The Ensemble’s Stuck Strikes Poopy Gold
The laughs come both often and semi-stifled by a countervailing disbelief at Jessica Hatlo’s Stuck (at Washington Ensemble Theatre through April 9; tickets: $10-$25), as at least two gross-out moments exceeded audience expectations. Three older patrons got up and walked out, which I think is terrific. They could not handle the shit-stained truth.
Since this is a world premiere, I will try to avoid spoilers. That the humor is in part scatological should not be a surprise, given the set-up, which is that Amy (Kay Nahm) is stuck on the toilet, and her boyfriend Danny (Alex Matthews) doesn’t know quite what to do about it.

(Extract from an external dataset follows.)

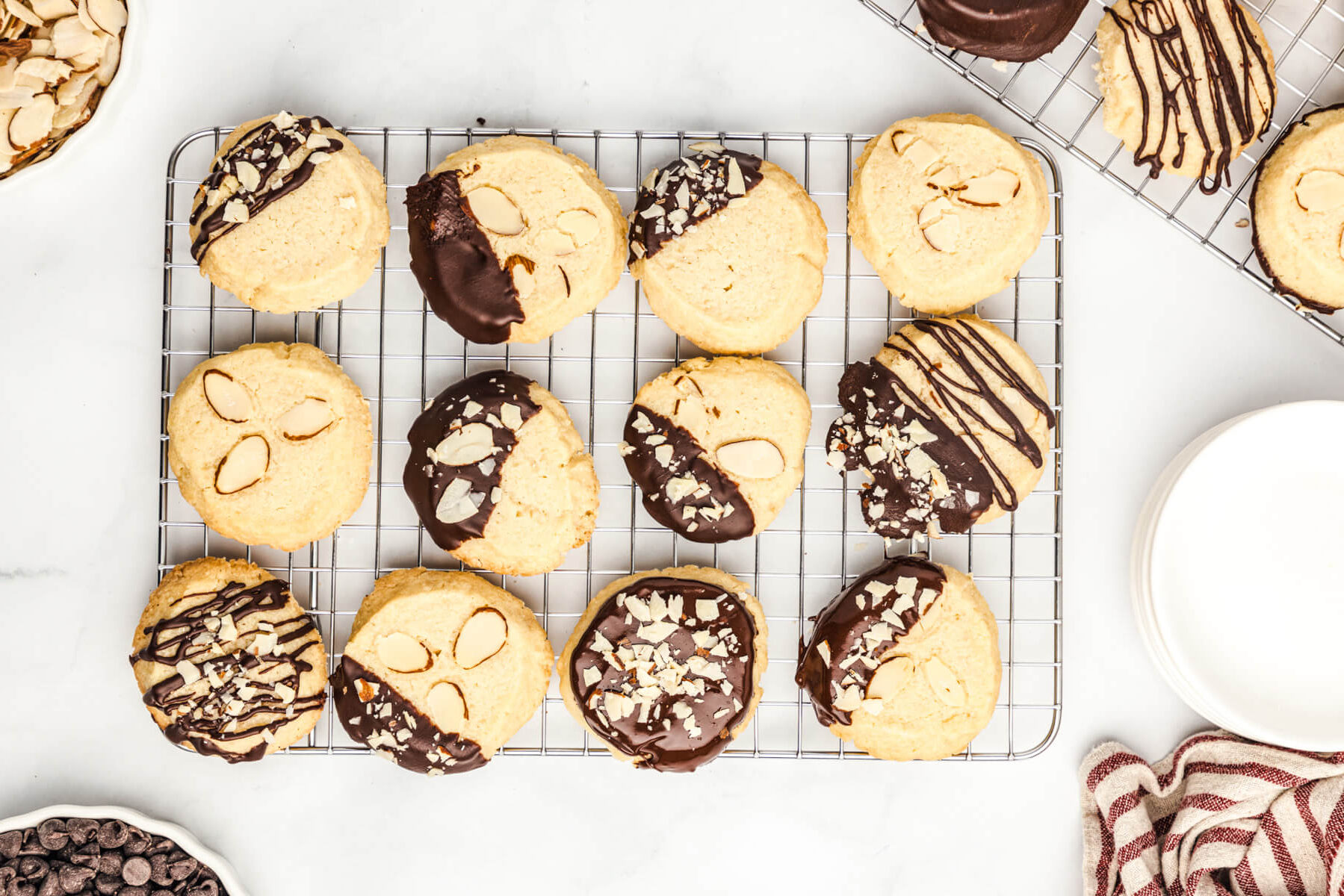 A group of almond shortbread cookies on a cooling rack decorated simply with chocolate glaze or dipped in chocolate accented with sliced and chopped almonds.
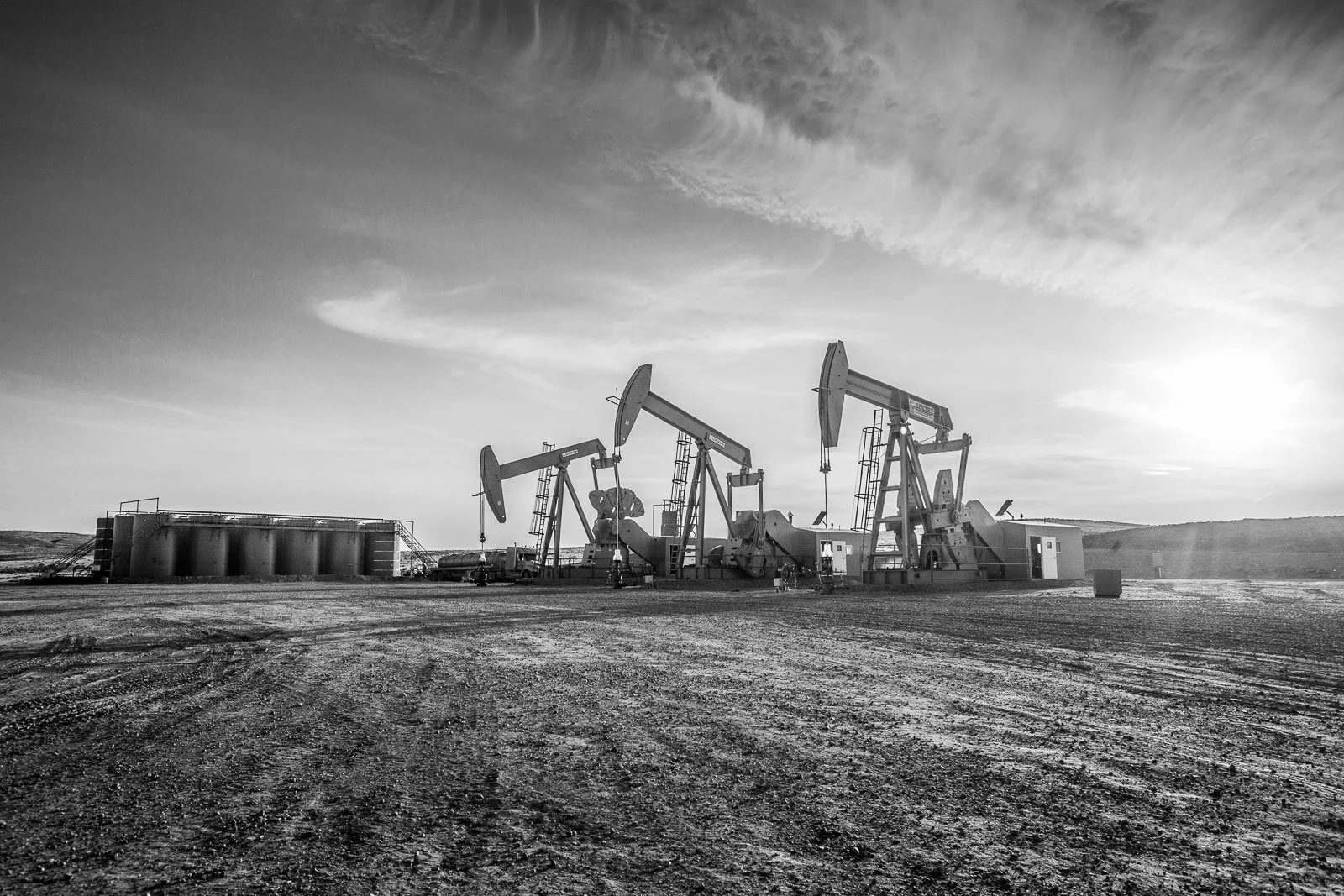 Three pump jacks producing oil in Central Wyoming.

Playwright Hatlo ripped her story from the headlines, in case you’re inclined to cluck at the implausibility of it. But you don’t really need to know that. It’s not a freak-show, but mumblecore-meets-Kafka, where the extreme situation is used to meditate on what makes us wartsy humans. Amy and Dan are, in Hatlo’s hands, that floundering post-collegiate couple that if you weren’t yourself, you know well. Dan delivers pizza, falls asleep on a ratty couch with a comforter pulled up to his chin. Amy watches daytime, prime time, nighttime TV, between bong hits. They are all they’ve got, and that’s where the dramatic tension comes from.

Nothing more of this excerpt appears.